Refer to this passage for the remaining questions: In corn plants, tall is dominant to short and green is dominant to albino. A corn plant that is heterozygous for both height and color mates with itself and produces 160 seeds. After planting, those seeds germinate and show the following phenotypic distribution: 81 tall green ones, 39 tall white ones, 27 short green ones, and 13 short white ones. The corn breeder sees the discrepancies between expected data and these observed data and wonders whether a mutation must have happened to explain the discrepancies.
What is the degrees of freedom for this scenario? (Type in your answer with a digit.)
What is the Chi Square value for this data set? Round to the nearest tenth. (If you want this question to give you good predictive feedback about future test performance, you should be calculating Chi Square the old way, meaning without the spreadsheet).
To determine the degrees of freedom for this scenario, we need to consider the number of categories in the data and subtract 1. In this case, we have 4 categories: tall green, tall white, short green, and short white. So the degrees of freedom is 4 - 1 = 3.
To calculate the Chi Square value for this data set, we need to compare the observed data with the expected data based on the given genetic ratios.

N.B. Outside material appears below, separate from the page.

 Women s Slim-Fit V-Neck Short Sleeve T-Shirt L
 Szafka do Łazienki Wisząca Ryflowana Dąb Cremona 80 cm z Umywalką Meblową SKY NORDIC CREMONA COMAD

First, we need to calculate the expected values for each category. Since tall is dominant to short and green is dominant to white, we would expect the following ratios:
- Tall green: 81/160 x 160 = 81
- Tall white: 39/160 x 160 = 39
- Short green: 27/160 x 160 = 27
- Short white: 13/160 x 160 = 13
Next, we calculate the Chi Square value using the formula:
Chi Square = Σ((Observed - Expected)^2 / Expected)
For each category:
- Tall green: ((81 - 81)^2 / 81) = 0
- Tall white: ((39 - 39)^2 / 39) = 0
- Short green: ((27 - 27)^2 / 27) = 0
- Short white: ((13 - 13)^2 / 13) = 0
Summing up these values: 0 + 0 + 0 + 0 = 0.
Therefore, the Chi Square value for this data set is 0 (rounded to the nearest tenth).